As-tu été approché par d’autres clubs au cours de ces dernières années ?

Il faut savoir que si le HAC décide de te garder, ils ne vont pas te dire si tu as tel ou tel club qui est sur toi. C’est vrai qu’il y a eu des rumeurs à un tournoi, comme quoi l’Olympique de Marseille était intéressé mais je ne saurais pas te dire si c’était vrai ou faux. C’est la seule rumeur dont j’ai entendu parler. Ils sont assez discret sur ça. Avant, j’avais pas d’agent pour faire l’intermédiaire entre les clubs et moi. Si un club voulait me rencontrer, c’est le HAC qui recevait les appels et comme ils voulaient me garder, ils ne me l’ont pas dit.

 

Le Havre t’a-t-il proposé un contrat professionnel ? Est-ce que tu es en contact avec le groupe pro ? 

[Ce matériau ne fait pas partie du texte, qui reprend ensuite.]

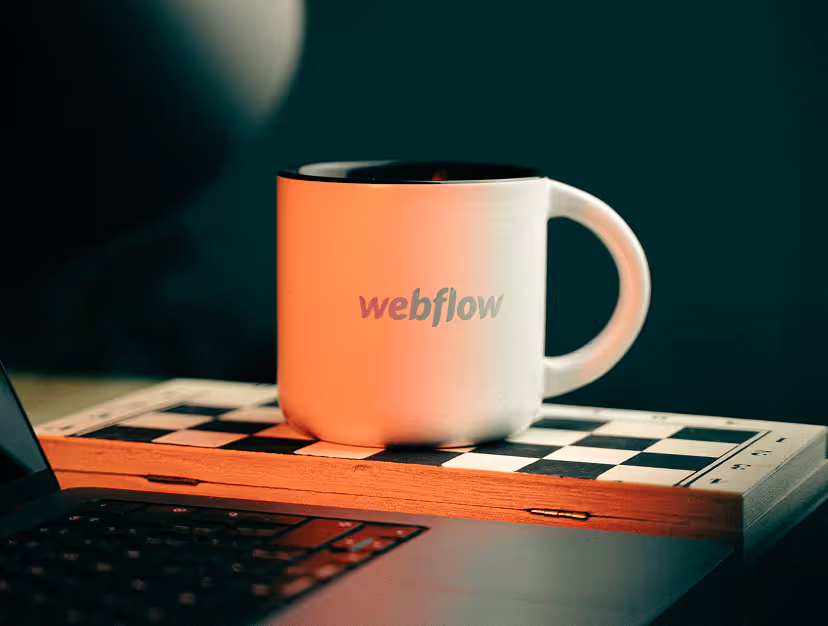 En kaffekopp på ett skrivbord med Webflow-logotyp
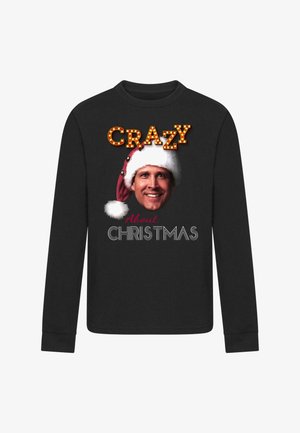 Schwarzes langärmeliges Shirt mit einem lächelnden Mann, der eine Weihnachtsmannmütze trägt, und dem Schriftzug „Crazy About Christmas“ in festlichen Schriftarten.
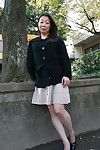 Outdoor posing scene featuring horny Asian mature Yoshiko Makihara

Ils ne m’en ont pas encore proposé, non, mais c’est mon objectif d’ici quelques années. Bien-sûr, je m’entends bien avec certains joueurs et notamment des joueurs qui ont mon âge et qui sont déjà dans le groupe pro. Le frère de mon meilleur ami est professionnel donc je m’entends bien avec son frère aussi. (Victor Lekhal ?) Oui c’est ça. Après avec le staff du groupe pro, pas vraiment parce que je suis pas encore dans le groupe pro. Mais sinon, oui, il y a des joueurs avec qui je m’entends bien comme Himad Abdelli qui est un copain à mon frère, on a des amis en commun. Victor Lekhal, Ylan Gomes qui faisait partie de ma catégorie. Après il y a Mamadou Fofana, Godwin (Bentil, ndlr), tous les jeunes qui sont dans le groupe pro.

 

Est-ce que tu suis les performances de l’équipe professionnelle du  HAC ?

Un peu, oui. Je suis leurs résultats mais là en début d’année, je ne suis pas encore allé les voir au stade.

 

Est-ce que tu penses qu’ils peuvent monter en Ligue 1 cette année ?

Comme c’est le début de saison, c’est dur à dire. Je sais que le staff et le groupe pro veulent monter en Ligue 1, c’est leur objectif. Après, de là à dire qu’ils vont monter cette année, c’est encore trop tôt pour le dire, mais on l’espère.

 

Est-ce que tu trouves que Paul Le Guen a apporté quelque chose en plus au groupe ?

Je pense qu’avec son expérience, il a fait du bien au club. Il a réussi à classer l’équipe 6e l’année dernière. Il a fait un bon boulot. En plus, il fait confiance aux jeunes, ça c’est bien.

 

Tu as parlé de sacrifice tout à l’heure. Par rapport à quoi ?

On a beaucoup entraînement donc déjà c’est se lever tous les matins, aller à l’entraînement sous la pluie, sous la neige. Cette semaine, on a eu de la grêle. Ça ce sont des sacrifices, tout le monde n’a pas le mental pour faire ça. Et après tu as les sacrifices extra-sportifs. À notre âge, les jeunes aiment bien sortir, aller en boîte, fumer, boire… Tout ça, le fait de te priver de sortir, de ne pas voir ta copine pendant plusieurs jours parce que tu prépares un match, de ne pas sortir le soir parce que le lendemain, tu as entraînement, rater des anniversaires parce que tu as match. Tout ça, c’est beaucoup de sacrifices et pour en arriver là il faut en faire, c’est indispensable.

 

Merci à Benjamin d’avoir pris de son temps pour se confier à nous. We Sport lui souhaite la meilleure des continuations sur les terrains nationaux, voire plus d’ici quelques années.